Vanessa Codaccioni retrace d’abord l’histoire des paradigmes répressifs, qu’elle lie aux évolutions des sociétés occidentales. Ce sont les transformations structurelles du système international qui mènent aux mutations de paradigme et aux définitions des modèles punitifs. Le paradigme politique émerge lors de la construction de l’État moderne, et s’érige contre celles et ceux qui souhaitent concurrencer le pouvoir royal et ses monopoles. Il se concentre sur la sécurité et la légitime défense de l’État « à la fois accusateur et victime ». La protection de la « chose publique » est fondamentale, et les groupes politiques et militant.e.s sont les cibles privilégiées de l’appareil répressif, jugé.e.s dans les tribunaux politiques. 

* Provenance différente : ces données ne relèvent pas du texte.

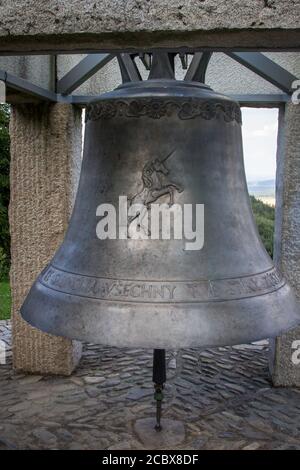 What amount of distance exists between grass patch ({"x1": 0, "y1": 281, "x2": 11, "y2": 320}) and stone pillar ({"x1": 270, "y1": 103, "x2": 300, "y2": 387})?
11.6 feet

L’abandon de la violence politique et l’entrée des groupes radicaux dans le champ électoral signent la fin du paradigme politique, car la concurrence politique devient la principale modalité punitive des opposant.es. La vie sociale est pacifiée, et l’entrée des États dans la logique capitaliste, libre-échangiste et libérale induit une nouvelle forme de délinquance – le vol –, permise par l’attachement aux biens et à la propriété . L’autrice définit le concept de « punitivité néolibérale » comme ce qui dirige l’attention de l’appareil répressif vers les atteintes non plus aux personnes, mais aux biens matériels : le paradigme sécuritaire renforce et produit ainsi une « économie de la possession ».

Enfin, au début des années 2000, le paradigme anti-terroriste naît de l’absence d’ennemi constant (ici : l’URSS) et de l’apparition du terrorisme islamiste. La population cible visée par les dispositifs de sécurité est élargie, et incorpore l’État dans la valeur des choses à défendre : le paradigme anti-terroriste réintègre l’idée de « légitime défense de l’État ». Ici encore, les valeurs du système international favorisent les logiques répressives : la mondialisation et la globalisation permettent la mise en place de traque et de surveillance à grande échelle, les « ennemis de l’État » se trouvant autant à l’intérieur qu’à l’extérieur. 

“Vanessa Codaccioni explique que la répression, principale matérialisation du monopole de la violence de l’État, fait « redoubler les inégalités ».”

L’alimentation étatique de mutations systémiques 

Cependant, l’autrice explique également que les mutations de paradigme sont le résultat de mobilisation d’acteur.trices ou d’institutions étatiques ayant un intérêt dans leur apparition ou disparition. Les modèles de répression sont éminemment systémiques. Elles découlent donc des changements d’orientation politique des gouvernant.es et de la surpolitisation des problèmes sécuritaires. Ces personnalités politiques votent les lois qui répriment leurs ennemi.es personnel.les et politiques, ou des mouvements remettant en question le monopole de la violence légitime de l’État. Ainsi, étudier les évolutions de la répression permet à Vanessa Cod...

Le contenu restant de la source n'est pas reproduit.